In serial studies of acute stroke performed with sodium imaging, Thulborn and colleagues have noted that sodium concentrations may continue to increase markedly in ischemic brain tissue, even several days after stroke onset. This is in contrast to the most widely available marker of tissue damage, the ADC of water, measured with DWI, which drops quickly within minutes of stroke onset, but changes relatively little thereafter. Therefore, sodium concentration could serve as a more precise indicator of the stage of ischemic injury. Thulborn and colleagues have shown that changes in sodium concentration do not necessarily parallel those of ADC and that a sodium concentration threshold of 70 mM can identify irreversibly damaged tissue with very high specificity.

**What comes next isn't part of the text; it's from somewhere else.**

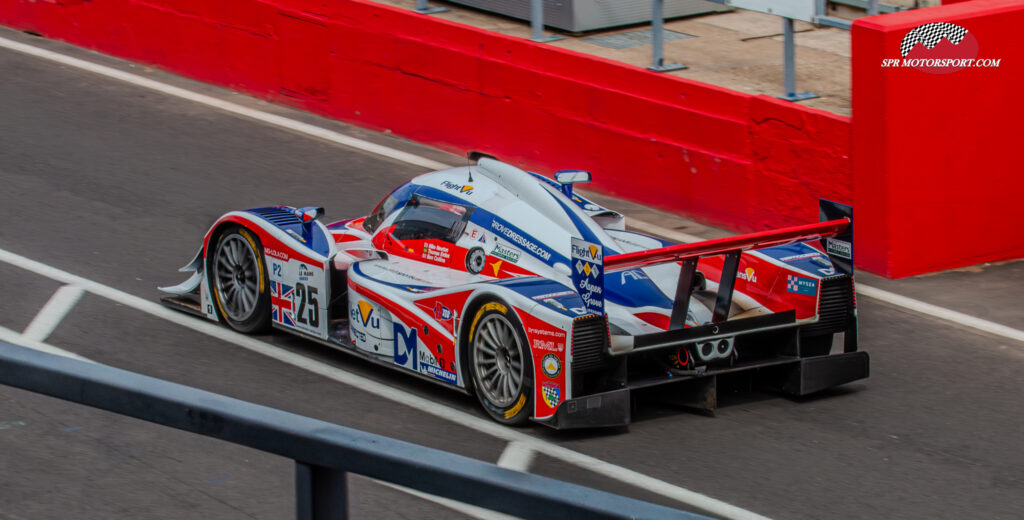 Lola B08/80.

Sodium imaging is relatively time consuming and cannot be performed on standard clinical scanners without specialized hardware and software upgrades. Nevertheless, the unique physiologic information provided by sodium imaging may make this technique an important tool in acute stroke imaging in years to come.

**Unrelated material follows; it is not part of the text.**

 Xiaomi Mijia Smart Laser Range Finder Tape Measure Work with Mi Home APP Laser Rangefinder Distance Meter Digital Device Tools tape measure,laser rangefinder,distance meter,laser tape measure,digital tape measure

The above sections describe many different imaging techniques that provide complimentary information about the viability of different parts of an acute stroke patient's brain. Neuroradiologists and stroke neurologists mentally synthesize the information provided by these different images to arrive at decisions regarding treatment decisions. Some groups have proposed combining different kinds of images quantitatively, using computers, in order to produce composite maps showing the risk of infarction in different parts of the brain. Wu et al.125 developed a multiparametric predictive model, incorporating DWI and MRP data, which achieved 66% sensitivity and 84% specificity in identifying individual tissue voxels destined for infarction. Rose et al.126 used a different multiparametric model to achieve mean sensitivity of 72% and specificity of 97%.
Currently, multiparametric predictive algorithms are largely confined to the realm of research and are not generally used clinically. However, it is easy to imagine a time in the future when acute stroke patients undergo a quick imaging evaluation, using many of the methods mentioned above, the results of which are used by a multiparametric model that immediately produces composite maps showing which areas of the brain are likely to infarct if each of various therapeutic approaches are undertaken. Such a model, once empirically validated, could dramatically enhance the treatment of acute stroke patients.